- _Dataset records_:
====
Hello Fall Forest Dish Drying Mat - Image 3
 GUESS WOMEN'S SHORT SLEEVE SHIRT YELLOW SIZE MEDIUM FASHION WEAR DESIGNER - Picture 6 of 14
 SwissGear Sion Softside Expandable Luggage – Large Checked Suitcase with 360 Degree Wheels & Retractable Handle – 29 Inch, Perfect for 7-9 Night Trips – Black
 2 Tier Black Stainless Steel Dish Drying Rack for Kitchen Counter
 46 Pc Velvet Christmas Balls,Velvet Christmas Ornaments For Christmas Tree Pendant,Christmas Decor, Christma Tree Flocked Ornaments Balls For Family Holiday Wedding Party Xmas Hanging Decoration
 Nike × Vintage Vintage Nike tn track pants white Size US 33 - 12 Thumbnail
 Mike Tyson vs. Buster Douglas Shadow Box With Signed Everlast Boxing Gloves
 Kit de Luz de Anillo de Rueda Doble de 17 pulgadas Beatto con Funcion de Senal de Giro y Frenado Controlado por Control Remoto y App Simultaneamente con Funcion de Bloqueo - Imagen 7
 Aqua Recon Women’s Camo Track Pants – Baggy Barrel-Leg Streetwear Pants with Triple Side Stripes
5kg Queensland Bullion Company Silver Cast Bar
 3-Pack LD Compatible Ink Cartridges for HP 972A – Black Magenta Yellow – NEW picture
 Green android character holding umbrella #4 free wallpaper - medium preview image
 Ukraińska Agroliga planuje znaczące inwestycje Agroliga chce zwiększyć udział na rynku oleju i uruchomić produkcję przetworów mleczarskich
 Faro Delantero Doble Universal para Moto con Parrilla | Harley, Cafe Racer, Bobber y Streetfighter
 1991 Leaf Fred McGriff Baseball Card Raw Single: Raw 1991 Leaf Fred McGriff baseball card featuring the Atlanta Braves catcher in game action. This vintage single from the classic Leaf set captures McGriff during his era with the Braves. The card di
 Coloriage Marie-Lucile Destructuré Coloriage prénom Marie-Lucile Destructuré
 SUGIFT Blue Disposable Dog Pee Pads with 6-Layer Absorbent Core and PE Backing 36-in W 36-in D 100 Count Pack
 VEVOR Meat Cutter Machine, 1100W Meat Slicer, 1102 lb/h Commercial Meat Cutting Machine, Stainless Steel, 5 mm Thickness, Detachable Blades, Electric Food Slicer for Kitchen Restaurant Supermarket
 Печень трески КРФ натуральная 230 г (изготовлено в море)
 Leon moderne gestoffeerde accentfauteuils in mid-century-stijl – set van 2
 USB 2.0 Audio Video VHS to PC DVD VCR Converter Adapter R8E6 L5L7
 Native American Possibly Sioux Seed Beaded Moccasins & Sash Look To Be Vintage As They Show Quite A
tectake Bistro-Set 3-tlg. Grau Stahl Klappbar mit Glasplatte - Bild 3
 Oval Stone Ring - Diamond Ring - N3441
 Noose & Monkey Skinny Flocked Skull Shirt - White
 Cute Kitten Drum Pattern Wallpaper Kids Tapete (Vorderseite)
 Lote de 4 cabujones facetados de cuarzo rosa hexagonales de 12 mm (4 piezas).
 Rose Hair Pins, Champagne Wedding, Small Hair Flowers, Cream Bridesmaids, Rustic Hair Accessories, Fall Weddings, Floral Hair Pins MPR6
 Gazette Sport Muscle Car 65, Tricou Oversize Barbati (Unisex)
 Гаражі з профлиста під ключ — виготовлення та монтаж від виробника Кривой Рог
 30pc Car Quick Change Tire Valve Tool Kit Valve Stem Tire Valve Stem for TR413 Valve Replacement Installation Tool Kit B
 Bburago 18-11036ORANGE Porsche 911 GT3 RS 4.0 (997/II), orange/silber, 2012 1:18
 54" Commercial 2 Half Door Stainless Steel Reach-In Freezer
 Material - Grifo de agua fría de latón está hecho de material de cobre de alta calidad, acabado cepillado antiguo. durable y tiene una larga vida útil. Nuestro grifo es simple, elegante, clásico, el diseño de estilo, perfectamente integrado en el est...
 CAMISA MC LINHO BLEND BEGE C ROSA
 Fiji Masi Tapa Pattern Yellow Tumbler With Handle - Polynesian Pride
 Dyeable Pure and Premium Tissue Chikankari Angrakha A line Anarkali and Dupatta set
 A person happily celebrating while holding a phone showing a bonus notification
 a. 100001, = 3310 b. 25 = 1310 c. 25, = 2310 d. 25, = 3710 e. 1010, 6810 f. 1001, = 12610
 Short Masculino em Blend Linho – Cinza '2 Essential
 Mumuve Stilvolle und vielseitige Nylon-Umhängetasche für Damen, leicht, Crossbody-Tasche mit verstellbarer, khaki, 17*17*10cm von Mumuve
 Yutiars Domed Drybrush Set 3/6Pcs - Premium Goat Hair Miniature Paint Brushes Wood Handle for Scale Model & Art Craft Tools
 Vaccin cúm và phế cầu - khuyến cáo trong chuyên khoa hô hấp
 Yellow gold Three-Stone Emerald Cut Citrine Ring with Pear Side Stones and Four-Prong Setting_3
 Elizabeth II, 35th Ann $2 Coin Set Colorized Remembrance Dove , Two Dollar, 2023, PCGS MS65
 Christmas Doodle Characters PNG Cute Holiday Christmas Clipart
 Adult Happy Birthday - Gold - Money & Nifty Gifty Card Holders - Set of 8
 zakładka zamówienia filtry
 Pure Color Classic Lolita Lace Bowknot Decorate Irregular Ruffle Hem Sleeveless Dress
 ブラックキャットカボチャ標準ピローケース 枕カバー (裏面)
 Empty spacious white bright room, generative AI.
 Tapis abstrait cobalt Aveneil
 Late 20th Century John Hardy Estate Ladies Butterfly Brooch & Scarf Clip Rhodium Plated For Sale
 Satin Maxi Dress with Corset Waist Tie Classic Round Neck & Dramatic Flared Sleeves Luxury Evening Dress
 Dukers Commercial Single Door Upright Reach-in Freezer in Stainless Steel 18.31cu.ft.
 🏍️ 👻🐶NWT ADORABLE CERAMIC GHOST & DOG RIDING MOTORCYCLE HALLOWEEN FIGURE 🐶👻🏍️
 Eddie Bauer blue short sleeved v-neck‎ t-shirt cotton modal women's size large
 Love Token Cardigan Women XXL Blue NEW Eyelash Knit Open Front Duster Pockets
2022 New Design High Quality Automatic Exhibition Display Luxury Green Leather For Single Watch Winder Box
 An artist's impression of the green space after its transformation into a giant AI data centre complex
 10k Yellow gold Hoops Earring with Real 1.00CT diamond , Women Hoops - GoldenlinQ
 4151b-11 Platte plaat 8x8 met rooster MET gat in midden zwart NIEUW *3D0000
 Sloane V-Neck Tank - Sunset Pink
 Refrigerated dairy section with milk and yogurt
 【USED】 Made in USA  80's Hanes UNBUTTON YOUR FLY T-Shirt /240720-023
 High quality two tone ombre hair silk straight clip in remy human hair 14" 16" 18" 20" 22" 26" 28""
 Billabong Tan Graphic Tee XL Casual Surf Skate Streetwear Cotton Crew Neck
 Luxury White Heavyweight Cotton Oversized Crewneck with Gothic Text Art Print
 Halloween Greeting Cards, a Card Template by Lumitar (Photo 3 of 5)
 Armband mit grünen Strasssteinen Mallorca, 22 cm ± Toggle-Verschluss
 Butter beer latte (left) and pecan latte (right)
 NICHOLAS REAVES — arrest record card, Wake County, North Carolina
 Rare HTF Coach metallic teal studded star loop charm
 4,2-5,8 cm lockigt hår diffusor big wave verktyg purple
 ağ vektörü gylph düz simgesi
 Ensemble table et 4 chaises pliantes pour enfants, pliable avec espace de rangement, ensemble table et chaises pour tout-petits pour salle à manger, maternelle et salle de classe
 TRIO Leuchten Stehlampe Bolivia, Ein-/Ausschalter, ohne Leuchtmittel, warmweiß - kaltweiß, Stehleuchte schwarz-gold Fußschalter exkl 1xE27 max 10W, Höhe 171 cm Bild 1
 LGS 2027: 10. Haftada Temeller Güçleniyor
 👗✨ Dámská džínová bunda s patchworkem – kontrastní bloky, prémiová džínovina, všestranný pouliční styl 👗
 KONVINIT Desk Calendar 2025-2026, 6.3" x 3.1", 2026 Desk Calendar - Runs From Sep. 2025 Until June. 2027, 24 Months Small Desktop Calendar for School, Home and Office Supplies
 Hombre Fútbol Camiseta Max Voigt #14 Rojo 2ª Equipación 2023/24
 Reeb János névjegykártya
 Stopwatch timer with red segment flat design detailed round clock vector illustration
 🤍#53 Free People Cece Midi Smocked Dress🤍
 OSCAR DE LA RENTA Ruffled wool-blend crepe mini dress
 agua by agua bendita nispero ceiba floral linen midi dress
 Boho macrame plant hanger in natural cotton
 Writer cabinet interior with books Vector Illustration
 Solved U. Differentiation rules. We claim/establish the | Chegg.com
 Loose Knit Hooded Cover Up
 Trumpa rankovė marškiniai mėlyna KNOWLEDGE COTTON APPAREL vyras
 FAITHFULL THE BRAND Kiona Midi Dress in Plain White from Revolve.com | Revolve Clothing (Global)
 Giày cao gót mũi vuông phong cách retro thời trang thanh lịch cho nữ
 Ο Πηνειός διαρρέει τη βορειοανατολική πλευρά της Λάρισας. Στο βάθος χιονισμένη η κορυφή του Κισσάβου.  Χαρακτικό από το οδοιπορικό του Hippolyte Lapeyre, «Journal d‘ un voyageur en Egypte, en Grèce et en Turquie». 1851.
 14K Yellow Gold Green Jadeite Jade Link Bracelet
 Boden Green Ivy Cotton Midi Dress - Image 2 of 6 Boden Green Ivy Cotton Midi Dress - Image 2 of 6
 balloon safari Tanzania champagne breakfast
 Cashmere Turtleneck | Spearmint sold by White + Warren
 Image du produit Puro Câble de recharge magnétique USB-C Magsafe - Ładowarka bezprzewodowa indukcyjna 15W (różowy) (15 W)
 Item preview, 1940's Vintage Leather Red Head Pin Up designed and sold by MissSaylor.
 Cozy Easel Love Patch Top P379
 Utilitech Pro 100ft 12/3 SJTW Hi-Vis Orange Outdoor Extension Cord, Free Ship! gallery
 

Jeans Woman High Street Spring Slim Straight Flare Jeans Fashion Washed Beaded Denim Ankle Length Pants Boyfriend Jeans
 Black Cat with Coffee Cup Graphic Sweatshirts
====
- _Try it_:
Determine how many lines of the data contain "Stone" and give nothing but that number.

- _Written answer_:
2